## Diagram: LLM Extension Strategies with CoT Prompts
### Overview
This diagram illustrates how Large Language Models (LLMs) can be extended with various strategies, specifically using Chain-of-Thought (CoT) prompts for different reasoning tasks. It shows how tasks are fed into the LLM, and how the LLM can be augmented with sub-problem division and external search engines to improve performance. The diagram also shows example outputs from these processes.
### Components/Axes
The diagram is structured into three main sections: "Tasks", "Models", and "Extension Strategies".
* **Tasks:** This section lists three types of reasoning tasks: Mathematical Reasoning, Date Reasoning, and Commonsense Reasoning.
* **Models:** This section depicts the LLM as a central blue rectangle, with extensions for Sub-problem Division and an External Search Engine.
* **Extension Strategies:** This section shows the outputs of the LLM and its extensions.
There are also labels for "CoT Prompts" at the bottom, and arrows indicating the flow of information.
### Detailed Analysis or Content Details
**Tasks Section (Left Side):**
* **Mathematical Reasoning:**
* Q: "Leah had 32 chocolates and her sister had 42. If they ate 35, how many pieces do they have left in total?"
* A: "Originally, Leah had 32 chocolates and her sister had 42. So in total they had 32 + 42 = 74. After eating 35, they had 74 - 35 = 39 pieces left in total. The answer is 39."
* **Date Reasoning:**
* Q: "It is 4/19/1969 today. What is the date 24 hours later in MM/DD/YYYY? Let's think step by step."
* A: "Today is 04/19/1969. 24 hours later is one day after today, which would be 04/20/1969. The answer is 04/20/1969."

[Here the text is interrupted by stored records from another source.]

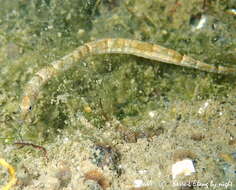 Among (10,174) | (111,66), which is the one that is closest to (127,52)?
(111,66)

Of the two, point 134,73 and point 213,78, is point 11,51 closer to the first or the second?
point 134,73

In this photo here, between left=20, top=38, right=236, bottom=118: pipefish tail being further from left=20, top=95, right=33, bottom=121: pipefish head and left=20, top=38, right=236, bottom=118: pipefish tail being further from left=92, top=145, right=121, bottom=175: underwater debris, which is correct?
left=92, top=145, right=121, bottom=175: underwater debris

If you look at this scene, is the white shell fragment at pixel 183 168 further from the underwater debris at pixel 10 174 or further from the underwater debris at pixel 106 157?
the underwater debris at pixel 10 174

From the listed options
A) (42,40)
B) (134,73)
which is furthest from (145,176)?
(42,40)

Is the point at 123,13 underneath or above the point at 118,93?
above

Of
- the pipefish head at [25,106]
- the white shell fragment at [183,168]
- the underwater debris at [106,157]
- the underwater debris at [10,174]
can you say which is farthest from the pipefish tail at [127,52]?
the white shell fragment at [183,168]

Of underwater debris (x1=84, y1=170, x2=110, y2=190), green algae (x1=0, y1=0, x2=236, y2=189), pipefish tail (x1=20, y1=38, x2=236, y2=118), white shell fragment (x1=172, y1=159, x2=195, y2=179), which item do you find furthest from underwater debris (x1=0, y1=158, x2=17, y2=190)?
white shell fragment (x1=172, y1=159, x2=195, y2=179) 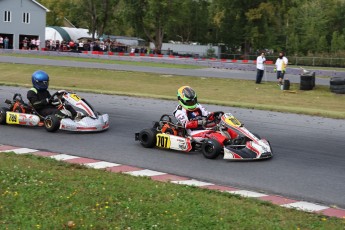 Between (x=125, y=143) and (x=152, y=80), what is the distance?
51.4 ft

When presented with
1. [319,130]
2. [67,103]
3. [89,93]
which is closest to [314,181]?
[319,130]

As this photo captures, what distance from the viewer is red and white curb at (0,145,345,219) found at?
5996mm

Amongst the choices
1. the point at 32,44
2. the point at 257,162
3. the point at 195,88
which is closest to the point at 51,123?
the point at 257,162

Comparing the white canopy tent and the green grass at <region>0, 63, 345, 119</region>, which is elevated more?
the white canopy tent

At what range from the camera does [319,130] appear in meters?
11.9

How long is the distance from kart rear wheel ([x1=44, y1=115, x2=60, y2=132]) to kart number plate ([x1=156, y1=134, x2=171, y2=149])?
2385 mm

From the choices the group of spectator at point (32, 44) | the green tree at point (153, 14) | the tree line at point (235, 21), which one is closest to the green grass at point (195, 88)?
the group of spectator at point (32, 44)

* **Commonsense Reasoning:**
* Q: "Who lived longer, Theodor Haecker or Harry Vaughan Watkins? Let's think step by step."
**Models Section (Center):**
* **LLM:** A large blue rectangle labeled "LLM".
* **Sub-problem Division:** A smaller rectangle connected to the LLM, labeled "Sub-problem Division". An arrow points from this to a value of "5".
* **External Search Engine:** A smaller rectangle connected to the LLM, labeled "External Search Engine". An arrow points from this to "Theodor Haecker".
**Extension Strategies Section (Right Side):**
* **Prediction Ensemble:** A rectangle labeled "Prediction Ensemble" with a date "05/26/2013".
**Labels:**
* "Tasks" (left side)
* "Models" (center)
* "Extension Strategies" (right side)
* "CoT Prompts" (bottom)
### Key Observations
* The diagram demonstrates a workflow for enhancing LLM capabilities through CoT prompting and external tools.
* The LLM is positioned as the core component, with sub-problem division and external search engines acting as extensions.
* The examples provided show how the LLM can solve mathematical, date-related, and commonsense reasoning problems.
* The outputs from the extensions (5 and Theodor Haecker) suggest that these strategies can provide additional information or refine the LLM's predictions.
### Interpretation
The diagram illustrates a modular approach to LLM development, where the core LLM is augmented with specialized tools to improve its performance on specific tasks. The use of CoT prompts encourages the LLM to break down complex problems into smaller, more manageable steps, leading to more accurate and explainable results. The integration of an external search engine allows the LLM to access and incorporate external knowledge, further enhancing its reasoning abilities. The "Prediction Ensemble" suggests a method for combining the outputs of multiple models or strategies to achieve a more robust and reliable prediction. The diagram highlights the importance of combining the strengths of LLMs with external tools and techniques to create more powerful and versatile AI systems. The outputs of "5" and "Theodor Haecker" are likely the answers to the respective questions, demonstrating the effectiveness of the extension strategies. The date "05/26/2013" associated with the "Prediction Ensemble" might indicate the date of a specific experiment or dataset used in the development of these strategies.